The meteorite crater in Antarctica was first discovered in 2006 during a joint mission by NASA and the German Aerospace Center (DLR), which aimed to measure anomalies in Earth’s gravitational field to understand how mass is distributed across the planet and how it changes over time.
New details from 2018 about the gravitational field of East Antarctica, obtained from the GRACE satellites, revealed a striking positive gravity anomaly in a basin about 500 kilometers in diameter.
Some scientists are convinced that deep beneath Antarctica in the Wilkes Land region lies an M-class asteroid, composed mainly of metal.
This discovery also sparked intense debates among conspiracy theorists, who quickly revived claims that the Nazis had built secret installations there during World War II.
The massive impact likely hurled enormous amounts of dust into the atmosphere, creating extremely hostile environmental conditions—months of darkness and corrosive acid rain turned the planet into a hellscape. Only a few primitive shell-bearing organisms survived this inferno. Among them were the ancestors of the dinosaurs, which would go on to dominate animal life for nearly 200 million years. What sounds like a grim scenario marked the end of the Permian period around 250 million years ago. “An estimated 80 to 90 percent of marine and terrestrial life died out,” says Michael J. Benton, Professor of Paleontology at the University of Bristol.

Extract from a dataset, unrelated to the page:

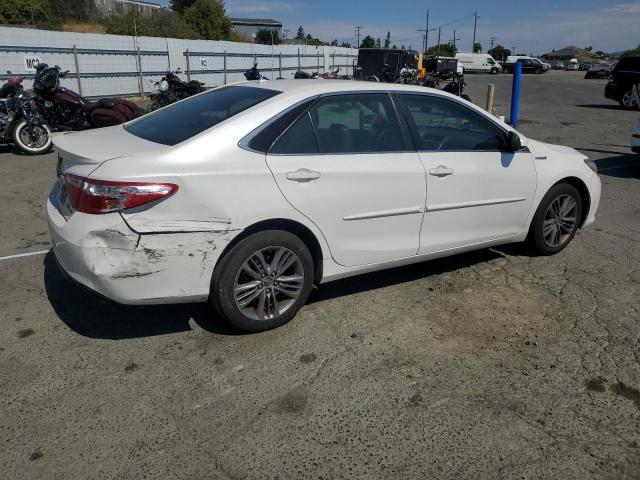 2015 TOYOTA CAMRY - 4T1BD1FK6FU146315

The cause of this mass extinction remains debated among scientists. While some researchers point to meteorite impacts, others attribute it to volcanic eruptions. “Volcanic activity, accompanied by colossal CO₂ emissions, is now considered by many scientists to be the main trigger of the mass extinction,” Benton explains.
The impact crater discovered in East Antarctica is about three times larger than the Chicxulub crater on the Yucatán Peninsula, where a meteorite struck around 65 million years ago, an event often linked to the extinction of the dinosaurs. However, the meteorite that created the scar in the Antarctic crust is estimated to have been more than 45 kilometers in diameter, making it several times larger than the so-called “dinosaur killer.”